I’d been looking forward to your Cuillin posts Carol, and you didn’t disappoint. Well done!!
I did most of the main ridge when i was younger – my Royal Marines unit (45 Commando) went there for mountain training, but I already had four Cuillin summers behind me by then. I think Sgurr Alasdair is potentially the most problematic – technically easy, but fiendishly complex to navigate, especially in the mist.
Good luck with your remaining Munros.


25 09 2013

Do you mean that you think the usual ‘Great Stone Chute’ route up Alasdair is navigationally complex? As it was clear when I did it, it’s hard for me to say but, the route I took back down which descended to just round the corner of the buttress above the Stone Chute was mainly on paths and seemed straightforward. I did rush it though as it was snowing and starting to get very greasy – we did a bit of an emergency exit from that one!


25 09 2013

This will be a valuable source of information for many planning to tackle the Cuillins. Well written, Carol


25 09 2013

I hope it helps people to enjoy their experiences there – I know I didn’t enjoy much of it at the time.

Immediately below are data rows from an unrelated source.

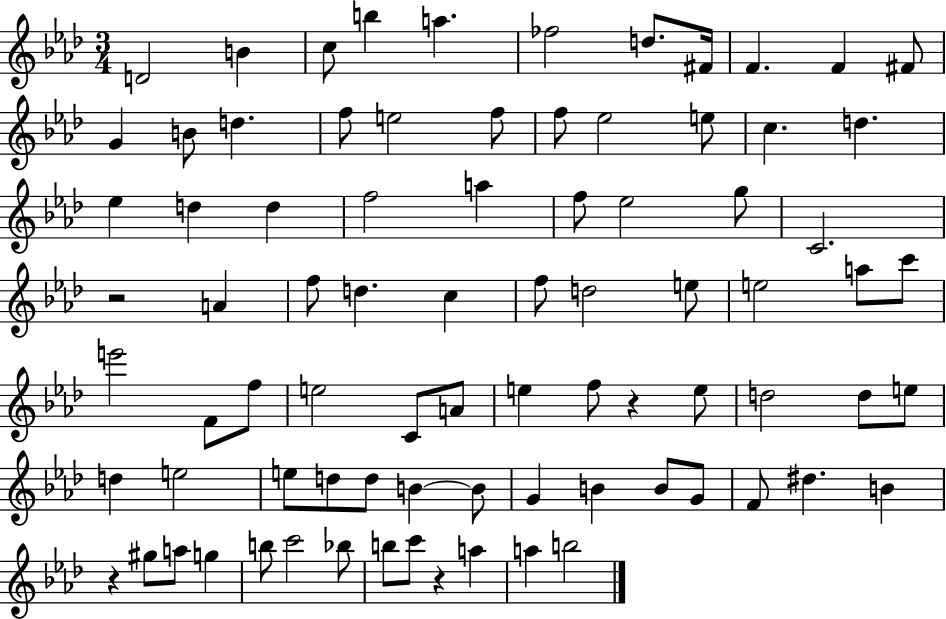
D4/h B4/q C5/e B5/q A5/q. FES5/h D5/e. F#4/s F4/q. F4/q F#4/e G4/q B4/e D5/q. F5/e E5/h F5/e F5/e Eb5/h E5/e C5/q. D5/q. Eb5/q D5/q D5/q F5/h A5/q F5/e Eb5/h G5/e C4/h. R/h A4/q F5/e D5/q. C5/q F5/e D5/h E5/e E5/h A5/e C6/e E6/h F4/e F5/e E5/h C4/e A4/e E5/q F5/e R/q E5/e D5/h D5/e E5/e D5/q E5/h E5/e D5/e D5/e B4/q B4/e G4/q B4/q B4/e G4/e F4/e D#5/q. B4/q R/q G#5/e A5/e G5/q B5/e C6/h Bb5/e B5/e C6/e R/q A5/q A5/q B5/h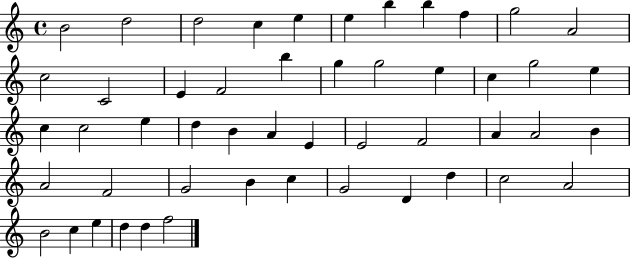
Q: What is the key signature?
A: C major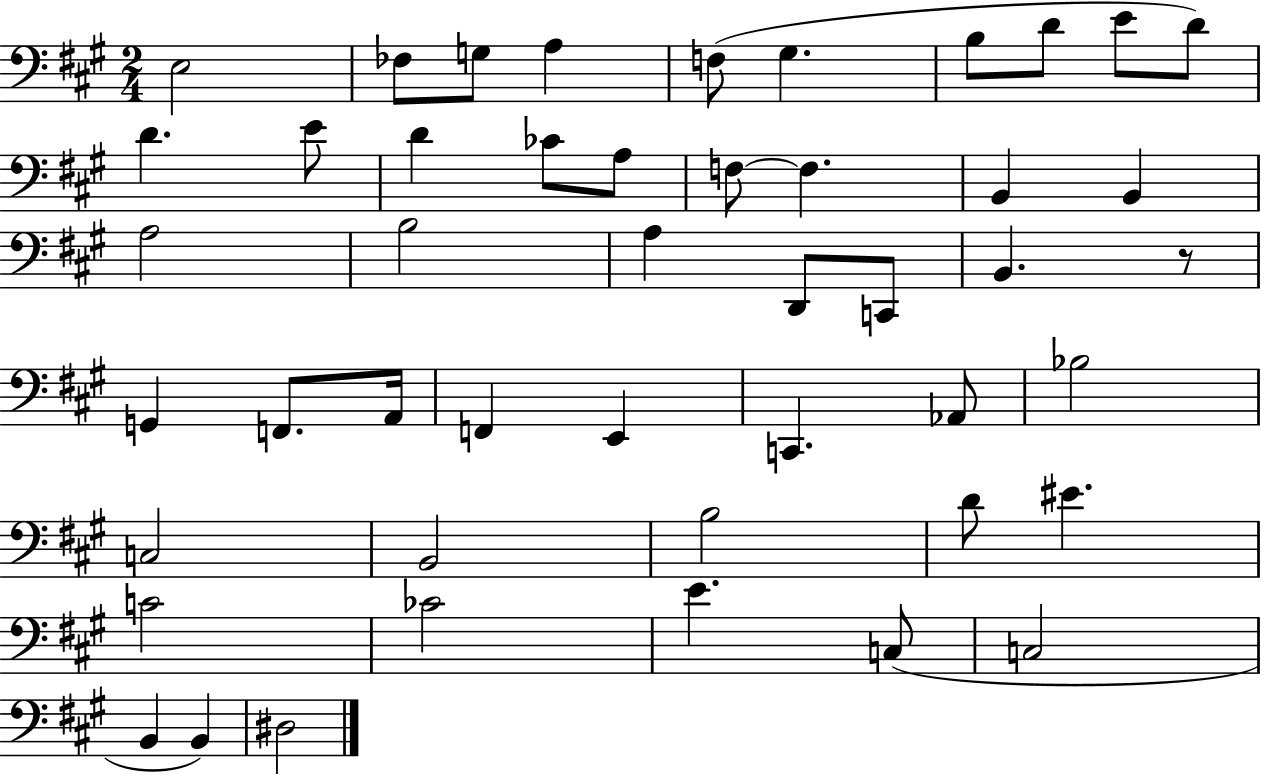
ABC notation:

X:1
T:Untitled
M:2/4
L:1/4
K:A
E,2 _F,/2 G,/2 A, F,/2 ^G, B,/2 D/2 E/2 D/2 D E/2 D _C/2 A,/2 F,/2 F, B,, B,, A,2 B,2 A, D,,/2 C,,/2 B,, z/2 G,, F,,/2 A,,/4 F,, E,, C,, _A,,/2 _B,2 C,2 B,,2 B,2 D/2 ^E C2 _C2 E C,/2 C,2 B,, B,, ^D,2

Looking back though, the stress beforehand was far, far worse than any of the hills except perhaps Sgurr Mhic Choinnich.


25 09 2013

Full of useful information 🙂

Well done on ticking off Skye’s Munros – hopefully the weather will improve & you can get those pesky two done & dusted in Knoydart


25 09 2013

I think I’m going to have to do them next week, whatever the weather (excepting dangerous winds of course) as I want them out of the way and then I can plan my compleation! The year is advancing rapidly and winter will soon be here!


25 09 2013

Shocked at the price for a guide per day Carol. Lucky you got decent weather on your peaks so at least that was some consolation. That and the fact you can now look back and pat the Cuillin ridge as done and dusted.


25 09 2013

Yeah, it’s a shame I needed a guide for most of them but I think it’s a good job I had one… Now I know what’s involved in each peak, at least I can go back and attempt certain ones on my own now if I want to re-do them. I did end up getting quite a taste for Cuillin-ing on the last 2 peaks! Better late than never 😉


25 09 2013

excellent informative article…a small group of us are planning to go to Skye next year so this is really helpful 🙂


25 09 2013

I like to be helpful 🙂 I remember all the information I wanted to know when I was approaching the Cuillin. Hope you have a good trip when you go – and hope you get the weather I did for the Cuillin – they’re the only group of hills where I was lucky throughout with the weather! Well, in the west anyway…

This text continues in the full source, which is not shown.